What you should do:
Copy out the full listing exactly, omitting any picture it contains.

Data block:
--- START ---
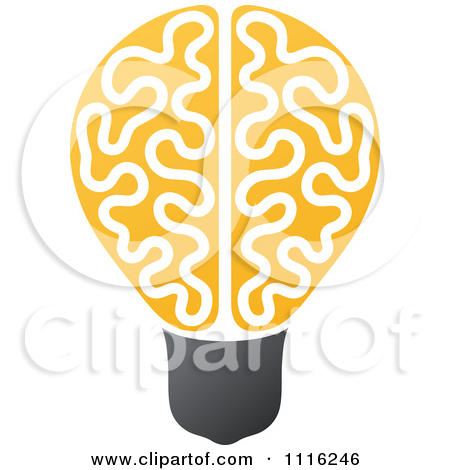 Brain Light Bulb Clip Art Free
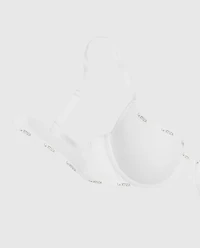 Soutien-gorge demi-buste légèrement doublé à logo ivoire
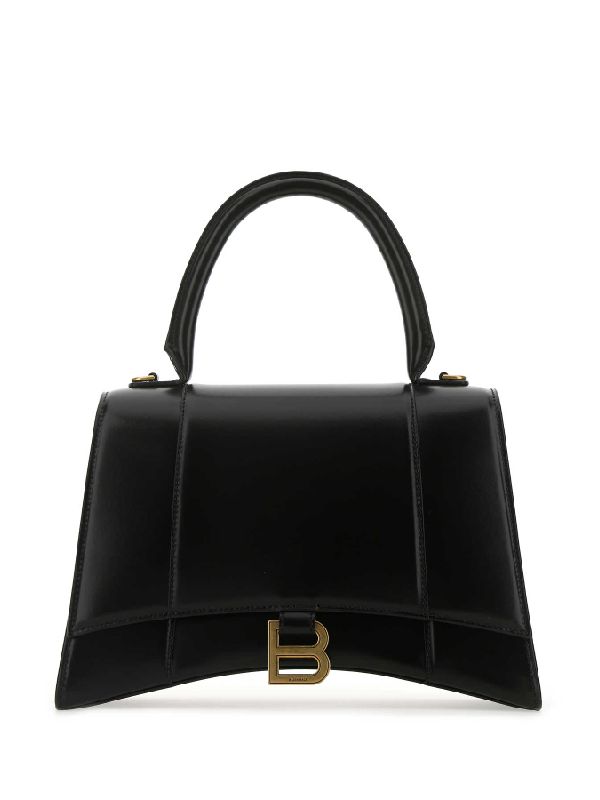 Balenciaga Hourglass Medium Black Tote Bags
--- END ---
Solution below:
 Brain Light Bulb Clip Art Free
 Soutien-gorge demi-buste légèrement doublé à logo ivoire
 Balenciaga Hourglass Medium Black Tote Bags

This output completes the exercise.